Kapolres Aceh Selatan AKBP Achmadi melalui Kasat Reskrim Iptu Darmawanto kepada wartawan di Tapaktuan, Selasa membenarkan bahwa pihaknya telah meningkatkan pengusutan kasus dugaan korupsi tersebut ke tahap penyidikan.
"Untuk penetapan tersangkanya kami harus melakukan evaluasi dan gelar perkara kembali. Kami tidak boleh terburu-buru atau gegabah dalam menetapkan tersangka dalam kasus ini. Penetapan tersangka nantinya benar-benar orang yang tepat harus bertanggungjawab dalam kasus tersebut," kata Darmawanto.
Berdasarkan hasil audit Badan Pemeriksaan Keuangan dan Pembangunan (BPKP) Provinsi Aceh, kasus dugaan korupsi dengan cara penggelembungan (mark up) harga pengadaan tanah terminal tersebut diperkirakan merugikan keuangan negara sebesar Rp582 juta.
Keterangan yang dihimpun menyebutkan, pengusutan kasus tersebut telah ditingkatkan ke tahap penyidikan. Meskipun belum ditetapkan tersangkanya, namun sejumlah saksi yang terdiri dari pejabat dan mantan pejabat teras Pemkab Aceh Selatan yang duduk dalam tim 9 pengadaan tanah termasuk masyarakat pemilik tanah telah diperiksa secara intensif sejak tahun 2015.
Meskipun demikian, pihaknya berjanji dalam waktu dekat ini segera akan menetapkan tersangka dalam kasus tersebut, sehingga berkasnya bisa segera dilimpahkan ke Kejaksaan Negeri Tapaktuan.
"Kalau bisa lebih cepat kan lebih baik. Pokoknya setelah selesai kami evaluasi dan gelar perkara satu kali lagi, maka tersangkanya langsung ditetapkan,¿ tegasnya.

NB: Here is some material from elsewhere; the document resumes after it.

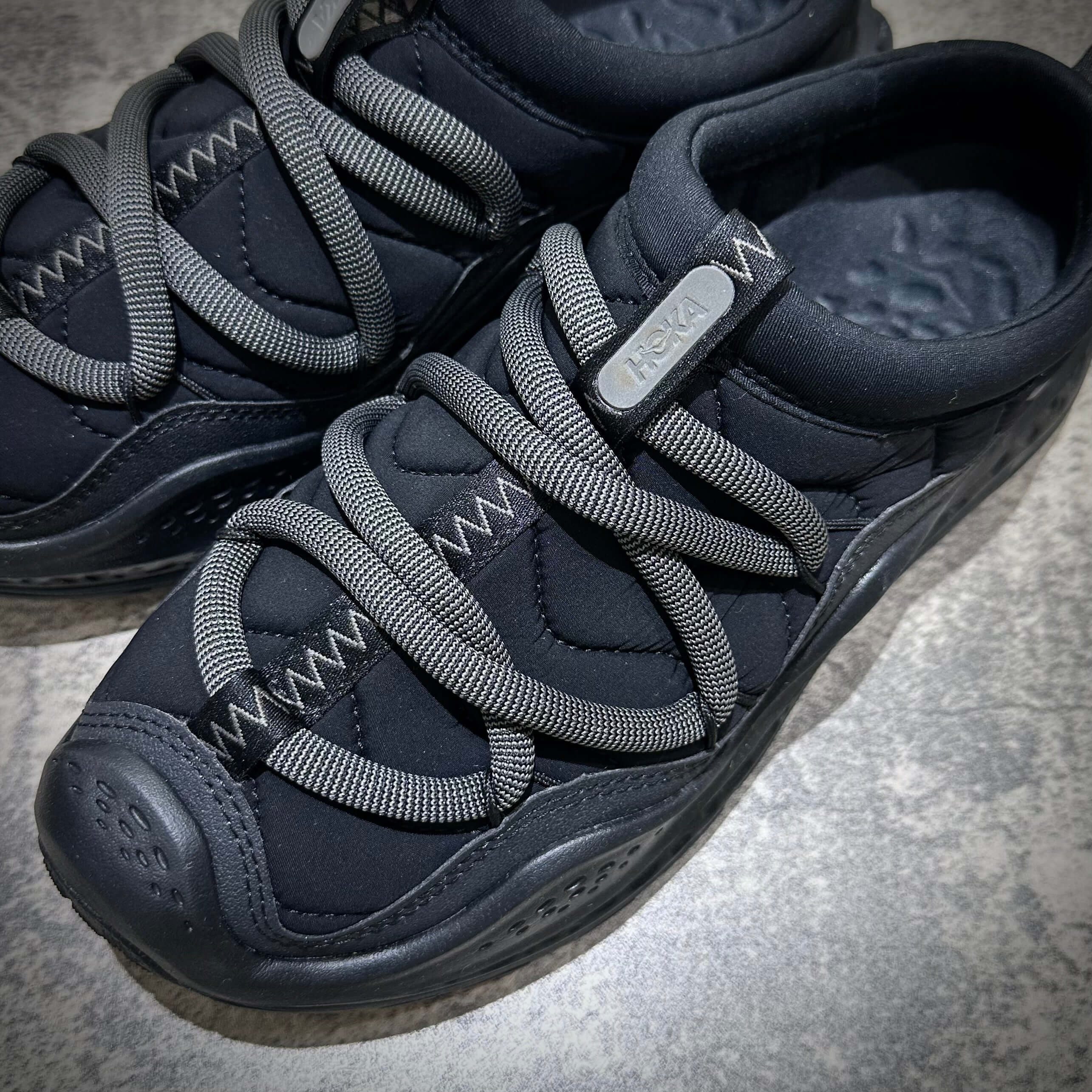 Hoka Ora Primo - Black shoes featuring unique lacing system and sleek design, perfect for casual wear.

Menurut Darmawanto, kasus dugaan korupsi tersebut telah mulai dilakukan penyelidikan sejak tahun 2014 lalu. Setelah selesai dilakukan ekspos (gelar) perkara di Polda Aceh, akhirnya kasus itu diputuskan untuk dinaikkan ke tahap penyidikan pada bulan Oktober tahun 2015.
Lebih lanjut dia menjelaskan, pengadaan tanah untuk pembangunan Terminal Tipe C Labuhanhaji yang dilakukan oleh Bagian Pemerintahan Setdakab Aceh Selatan, berlangsung dalam dua tahap. Untuk tahap pertama pada tahun 2010 dibebaskan tanah seluas 9.000 meter lebih dan selanjutnya tahap dua pada tahun 2011 seluas 8.000 meter lebih sehingga totalnya berjumlah 17.477 meter.
"Harga tanah tersebut dibayar mencapai Rp69.000/meter. Padahal berdasarkan ganti rugi Nilai Jual Objek Pajak (NJOP) pengadaan tanah sesuai Peraturan Kepala Badan Pertanahan Nasional (BPN) RI Nomor 3 Tahun 2007, harga tanah tersebut seharusnya sebesar Rp 20.000/meter. Disitulah dasar dugaan telah terjadinya penggelembungan (mark up) harga tanah tersebut," ungkap Darmawanto.